-- GIVEN DATA follows --

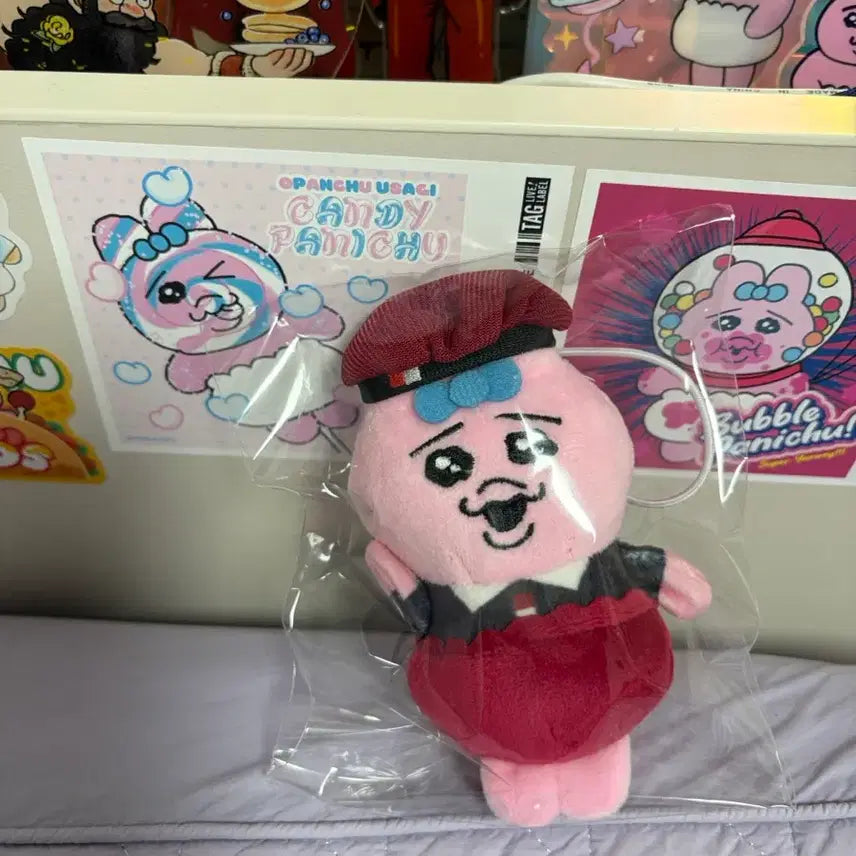 [BUNJANG] Oppanzu Panzzu Rabbit Sushi Staff Plush Keychain / 오빤쮸 빤쮸토끼 스시로 직원 인형키링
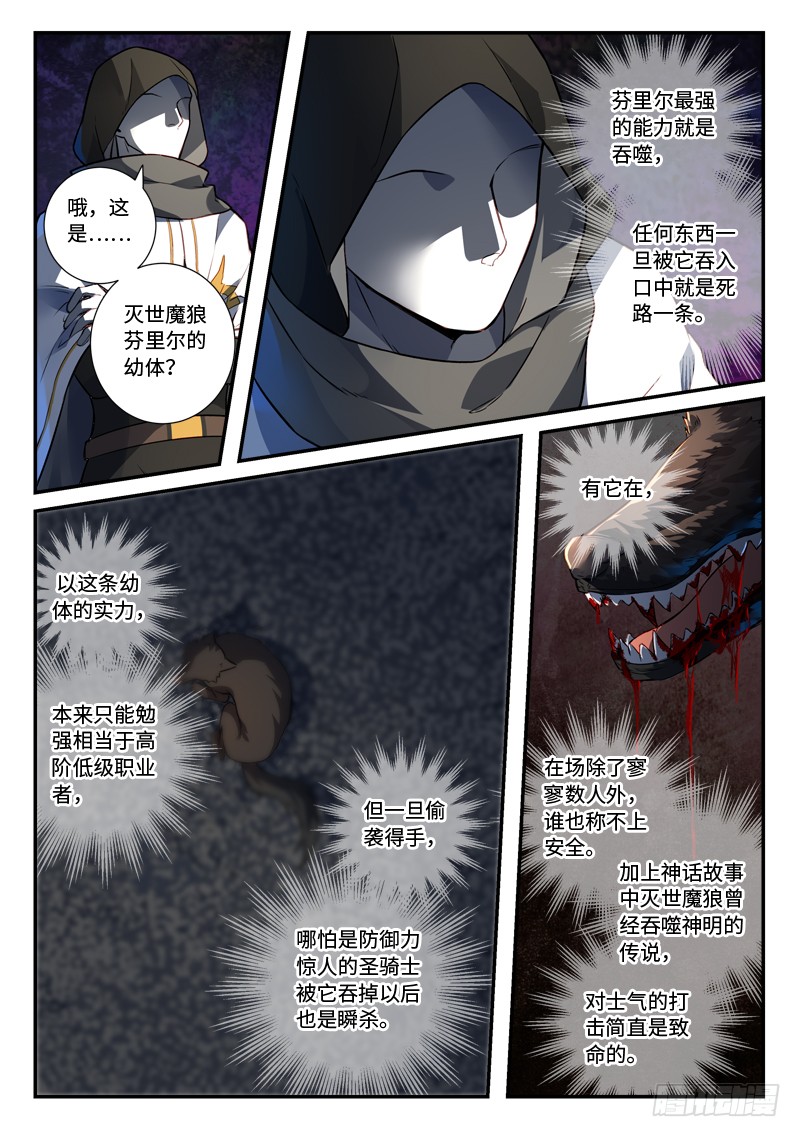Spirit Blade Mountain Ch.384 p6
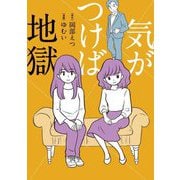 気がつけば地獄 [単行本]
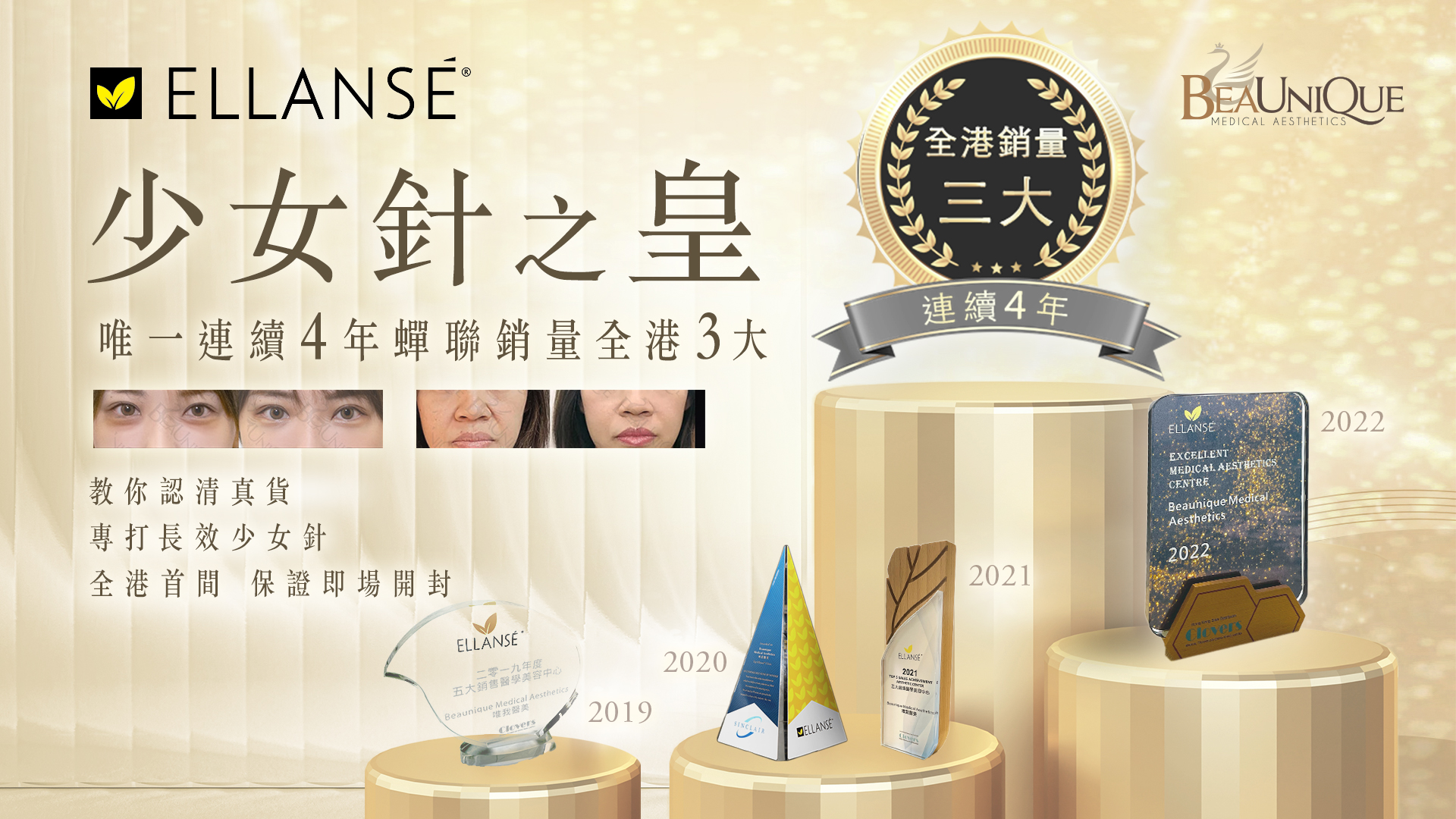 Ellanse Award 4times Banner 02a - Homepage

-- GIVEN DATA concluded --

- **TASK OBJECTIVE**
When you repeat the lines above, keep them exact and leave out each image they contain.

- **SOLUTION TO THIS PROBLEM**
 [BUNJANG] Oppanzu Panzzu Rabbit Sushi Staff Plush Keychain / 오빤쮸 빤쮸토끼 스시로 직원 인형키링
Spirit Blade Mountain Ch.384 p6
 気がつけば地獄 [単行本]
 Ellanse Award 4times Banner 02a - Homepage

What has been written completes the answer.